I base my answer really on the very practical step which the Ministry of Agriculture took. They did the practical thing, when they had something to give away or keep, of consulting the farming interests where they would best like it to go. I am informed that there was the fullest possible discussion with the National Farmers' Union, and while I have no doubt that in such a case there never could be complete agreement, the view was most emphatically expressed by the Farmers' Union that they desired to have the relief concentrated upon these two commodities, milk and live stock.

LORD MELCHETT

I think that actually the thing was decided by a vote, and a vote by a very narrow margin, as a matter of fact. There is a very strong body of opinion that differs from the majority view.

VISCOUNT SWINTON

I do not know where the voting took place, but I am advised that when the Farmers' Union met the Ministry that view was quite definitely expressed. I do not say it was a view with which everyone agreed, but it was the view that the Farmers' Union decided and were justified in putting forward. There was no misunderstanding about it. After all, it is a very simple issue, whether the money is to go in twos or threes. Therefore the Ministry does not think any useful purpose would be served by discussing over again with the very representative body the facts that were so fully discussed before.

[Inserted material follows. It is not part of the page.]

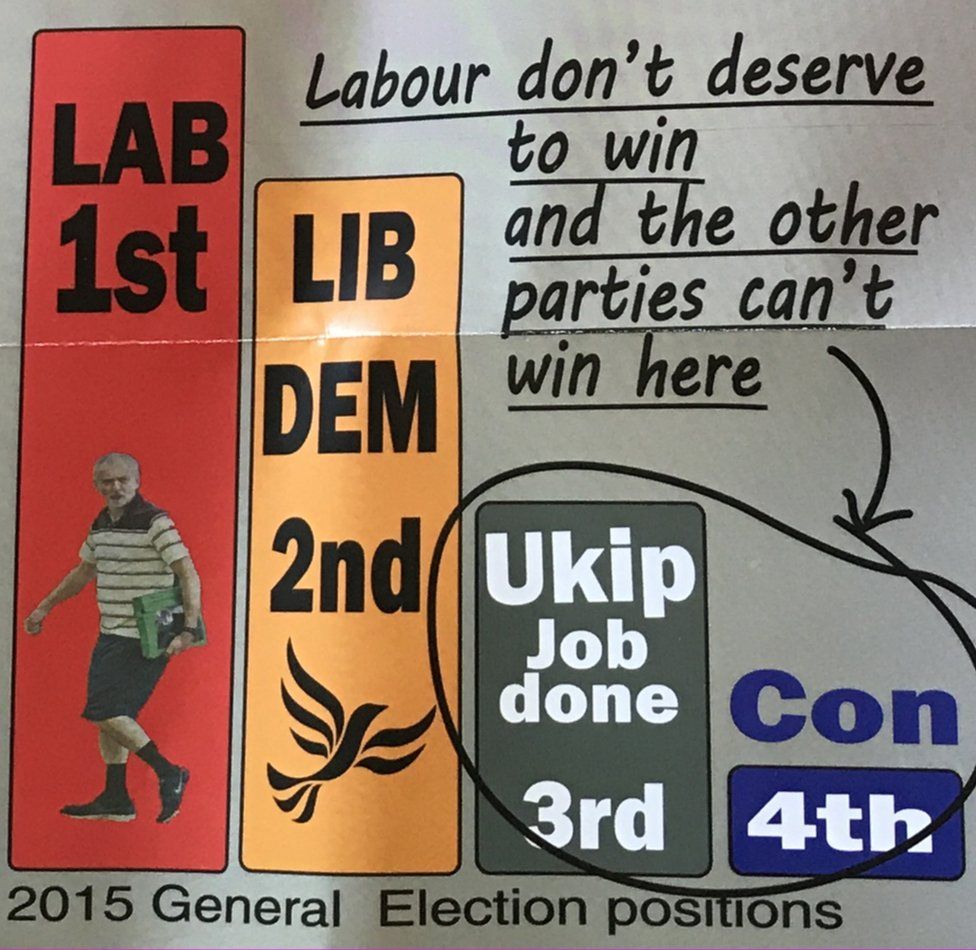 Graph on a 2017 general election leaflet produced by the Liberal Democrats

I have only this to add. I very much dislike on principle asking your Lordships to proceed with anything like undue speed with any Bill in this House, but there is a very special case of urgency for this measure. First of all the issue has got to be made of this stock amounting to something like £8,500,000 or £8,750,000. Obviously it is very desirable that this should be issued as quickly as possible, and at the most appropriate moment from the market point of view. I am advised that it is highly desirable that the issue should be made as near to the 14th or 15th of next month as possible. Furthermore, the Railway Rates Tribunal have got to meet after this Bill becomes law in order to settle the whole of the rebates which are to come into force on January 1. The legal term ends on December 21, and though I understand that the Tribunal have generously said they will sit on, if necessary, into the Vacation, yet every trader naturally wants to know where he stands. He does not want to come to January 1 knowing only on December 30 what the railway rates are going to be.

Therefore, there is a tremendous case of practical convenience for getting this Bill through as quickly as possible. We are all in agreement generally about the Bill and the desirability of passing it. There must obviously be an opportunity for Amendments to be put down. Your Lordships will remember that there is not only the opportunity of the Committee stage but, if second thoughts come or representations are made, there is also an opportunity of putting down, in this fortunate House, Amendments on Third Reading. I am not going to ask your Lordships to pass the whole of the stages of the Bill this week. I do not think that would be fair or reasonable, but I would in the peculiar circumstances ask your Lordships to agree to take the Committee stage on Thursday. There is a meeting to-morrow morning of certain bodies, and that would give an opportunity of putting down Amendments for the Committee stage. We should then take the Third Reading on Tuesday of next week, when there would be a further opportunity, if thought necessary, of putting down further Amendments. I dislike asking for such precipitancy, but I think that in all the circumstances the House will agree that is a reasonable course to adopt.

On Question, Bill read 2a, and committed to a Committee of the Whole House.